[Information shown Boundary: Start]

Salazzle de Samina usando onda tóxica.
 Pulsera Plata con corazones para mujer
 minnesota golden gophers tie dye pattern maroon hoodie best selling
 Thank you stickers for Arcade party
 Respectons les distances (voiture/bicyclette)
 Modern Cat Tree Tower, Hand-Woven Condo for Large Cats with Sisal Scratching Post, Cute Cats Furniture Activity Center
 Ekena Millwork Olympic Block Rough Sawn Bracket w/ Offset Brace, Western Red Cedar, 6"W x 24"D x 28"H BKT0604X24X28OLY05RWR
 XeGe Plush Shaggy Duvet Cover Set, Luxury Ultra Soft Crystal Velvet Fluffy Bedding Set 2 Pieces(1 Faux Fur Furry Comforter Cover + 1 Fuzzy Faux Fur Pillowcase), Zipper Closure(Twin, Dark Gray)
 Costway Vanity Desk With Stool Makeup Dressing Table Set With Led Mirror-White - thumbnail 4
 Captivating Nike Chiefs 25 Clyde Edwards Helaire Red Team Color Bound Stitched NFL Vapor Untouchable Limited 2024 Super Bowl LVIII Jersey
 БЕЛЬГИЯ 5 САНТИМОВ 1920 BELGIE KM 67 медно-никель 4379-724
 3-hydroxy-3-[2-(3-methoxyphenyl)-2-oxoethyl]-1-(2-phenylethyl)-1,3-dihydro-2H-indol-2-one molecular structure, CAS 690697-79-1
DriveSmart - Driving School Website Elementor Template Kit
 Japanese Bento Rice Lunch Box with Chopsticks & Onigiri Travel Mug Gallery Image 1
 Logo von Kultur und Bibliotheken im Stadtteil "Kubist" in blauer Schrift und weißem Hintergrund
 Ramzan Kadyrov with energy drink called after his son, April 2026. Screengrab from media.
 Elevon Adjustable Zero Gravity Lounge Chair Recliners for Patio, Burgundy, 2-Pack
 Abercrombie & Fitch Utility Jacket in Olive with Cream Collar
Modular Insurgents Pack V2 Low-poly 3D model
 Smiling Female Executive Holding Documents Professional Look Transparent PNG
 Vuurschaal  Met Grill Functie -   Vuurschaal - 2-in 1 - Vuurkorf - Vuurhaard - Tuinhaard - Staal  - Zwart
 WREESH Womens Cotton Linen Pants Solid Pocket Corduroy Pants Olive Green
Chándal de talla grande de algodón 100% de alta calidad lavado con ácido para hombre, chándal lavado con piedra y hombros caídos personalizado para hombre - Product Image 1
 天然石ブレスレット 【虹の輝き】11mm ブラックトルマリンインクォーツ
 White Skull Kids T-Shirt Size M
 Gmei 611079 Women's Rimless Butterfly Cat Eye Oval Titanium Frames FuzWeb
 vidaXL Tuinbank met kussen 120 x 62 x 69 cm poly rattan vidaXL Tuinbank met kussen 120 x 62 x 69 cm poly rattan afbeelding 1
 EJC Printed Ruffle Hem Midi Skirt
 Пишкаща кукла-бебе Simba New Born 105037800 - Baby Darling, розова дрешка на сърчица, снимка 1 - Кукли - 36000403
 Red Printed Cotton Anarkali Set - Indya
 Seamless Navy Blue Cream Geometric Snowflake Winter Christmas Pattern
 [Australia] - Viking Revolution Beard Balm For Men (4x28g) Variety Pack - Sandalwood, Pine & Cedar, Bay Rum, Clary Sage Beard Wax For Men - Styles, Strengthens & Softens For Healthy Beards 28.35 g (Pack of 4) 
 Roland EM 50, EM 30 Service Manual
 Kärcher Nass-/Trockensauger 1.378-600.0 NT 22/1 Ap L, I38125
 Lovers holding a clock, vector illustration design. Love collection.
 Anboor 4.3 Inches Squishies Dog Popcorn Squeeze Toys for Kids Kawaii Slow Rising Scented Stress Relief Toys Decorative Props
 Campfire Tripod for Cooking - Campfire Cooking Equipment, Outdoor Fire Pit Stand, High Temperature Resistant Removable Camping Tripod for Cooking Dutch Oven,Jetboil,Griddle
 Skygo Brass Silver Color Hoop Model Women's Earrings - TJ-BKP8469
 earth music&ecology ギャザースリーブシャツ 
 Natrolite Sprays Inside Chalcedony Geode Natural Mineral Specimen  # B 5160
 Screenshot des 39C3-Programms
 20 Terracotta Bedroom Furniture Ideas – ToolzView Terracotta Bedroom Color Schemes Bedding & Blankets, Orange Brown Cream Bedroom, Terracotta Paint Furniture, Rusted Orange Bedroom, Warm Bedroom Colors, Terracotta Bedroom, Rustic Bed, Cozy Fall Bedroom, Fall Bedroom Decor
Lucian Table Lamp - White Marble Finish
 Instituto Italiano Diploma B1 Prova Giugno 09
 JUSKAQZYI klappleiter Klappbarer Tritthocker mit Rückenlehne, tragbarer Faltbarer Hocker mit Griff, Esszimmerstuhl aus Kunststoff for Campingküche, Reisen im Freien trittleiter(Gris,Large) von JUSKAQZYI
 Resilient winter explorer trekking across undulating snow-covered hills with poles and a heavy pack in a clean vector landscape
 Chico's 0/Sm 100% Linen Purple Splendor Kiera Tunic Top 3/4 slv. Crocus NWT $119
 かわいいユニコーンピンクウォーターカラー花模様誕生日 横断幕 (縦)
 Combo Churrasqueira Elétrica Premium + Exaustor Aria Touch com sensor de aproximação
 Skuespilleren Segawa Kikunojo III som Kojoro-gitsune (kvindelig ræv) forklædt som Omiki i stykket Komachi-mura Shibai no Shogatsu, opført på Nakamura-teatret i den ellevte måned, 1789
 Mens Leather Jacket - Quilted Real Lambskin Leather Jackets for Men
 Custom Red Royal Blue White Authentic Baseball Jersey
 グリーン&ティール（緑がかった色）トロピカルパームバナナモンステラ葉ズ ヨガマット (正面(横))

[Information shown Boundary: End]

→ **Work instruction**
Begin with the first line of the listing above and write out each line exactly, ending with the line that contains "Modern Cat Tree".

→ **Answer section**
Salazzle de Samina usando onda tóxica.
 Pulsera Plata con corazones para mujer
 minnesota golden gophers tie dye pattern maroon hoodie best selling
 Thank you stickers for Arcade party
 Respectons les distances (voiture/bicyclette)
 Modern Cat Tree Tower, Hand-Woven Condo for Large Cats with Sisal Scratching Post, Cute Cats Furniture Activity Center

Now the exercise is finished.